Originally Posted by
flyinthrew
As a recent new hire bidder who lives in ATL who could have held ATL717 and NYC320, 7ER, 73N I can tell you why I chose an NYC category:
1) Year one pay is the same, but year two pay is an extra $1000 per month just at min guarantee.
2) With the company wanting to pack 2000 people in behind me in very short order, there’s no way I won’t have the chance to bid to ATL very soon.
3). No doubt there’s plenty of 1 hour legs and 4 leg days (some fivers too) in the 73N bid pack, but there is absolutely zero transcon and island flying in the 717 bid pack.
4) 320 and 73N are growing. 717 is less than growing in the bigger picture.
So people who are saying you should get paid a minimum of $1000 less a month in a category with no growth and no west coast flying or island all-inclusives just for a few months (or maybe even less) of not positive space commuting to NYC and to go to another IQ in two years to get those things back, to me, are being a bit myopic.
Still though, 717 is going senior in Indoc just because ATL. I think it’s not a great choice unless you just want to fly the 717 which is A-OK.
Glad all your vast experience at Delta is being put to good use, and you’ve determined the 717 isn’t a great choice.
Couple notes on your assumptions.
Don’t assume anything. Just because you think you should be able to bid to the base you want, doesn’t mean you will for certain. Learn the phrase “we didn’t think they would do that”. Lots of guys assumed when they bid to the 320 that they’d be Boston based by now. A lot of 220 guys in SLC thought they’d have much better seniority in the long term until SEA opened.

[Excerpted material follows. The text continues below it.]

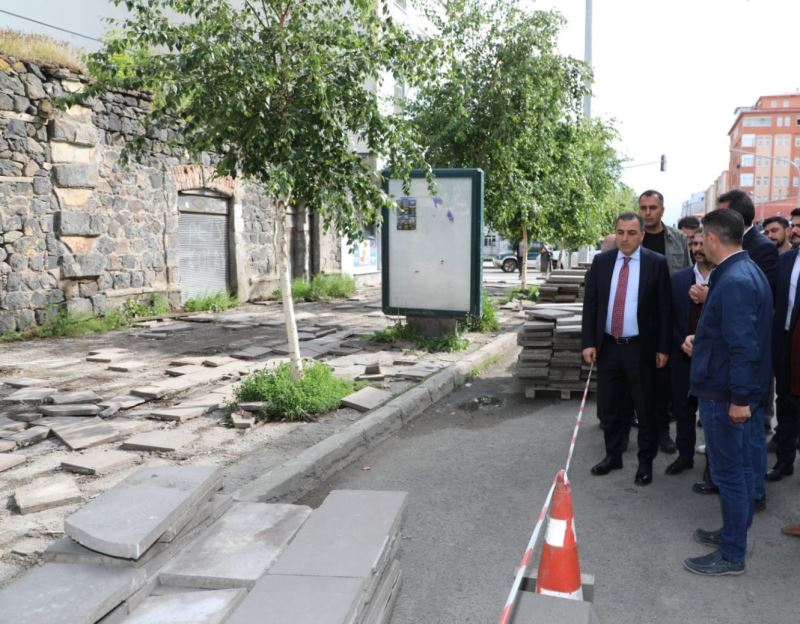 Kars Belediyesi kaldırımları yapıyor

The 73N bid packet is arguably worse or equivalent to the 717. All the NB fleets are picking up the old maddog routes (By my quick glance, didn’t look at the 320). You think all those sweet transcons and resort all inclusive are going to drop to your level of seniority? Another rule to learn…don’t bid aircraft based on layovers.
320 is obviously growing. 737 is getting a few extra “gently used” aircraft. JL just said that the 717 is going to be around a lot longer than some people think (and it’s consolidating to mostly ATL, much bigger than it was pre covid when there was a MSP and NYC, in addition to DTW and ATL).
If you live in ATL, you’ll be spending that 1K on a crash pad, taxis, hotels, metro passes, etc. Add up the additional time away from home…there’s a lot more to consider than “an extra 1,000”. Much cheaper to be an ATL commuter than an NYC commuter.
There’s a reason it’s going senior and guys are taking the bird in the hand, knowing they will be in ATL. (If that’s what they want) Plus, lots of extra pilots means lots of extra reserves available, which means more pay to do less.
Bottom line, be careful about the “blind leading the blind”. I don’t think you’re being nefarious in giving your advice, but there’s so much abnormal stuff going on with regards to our still open AEs, I wouldn’t assume anything.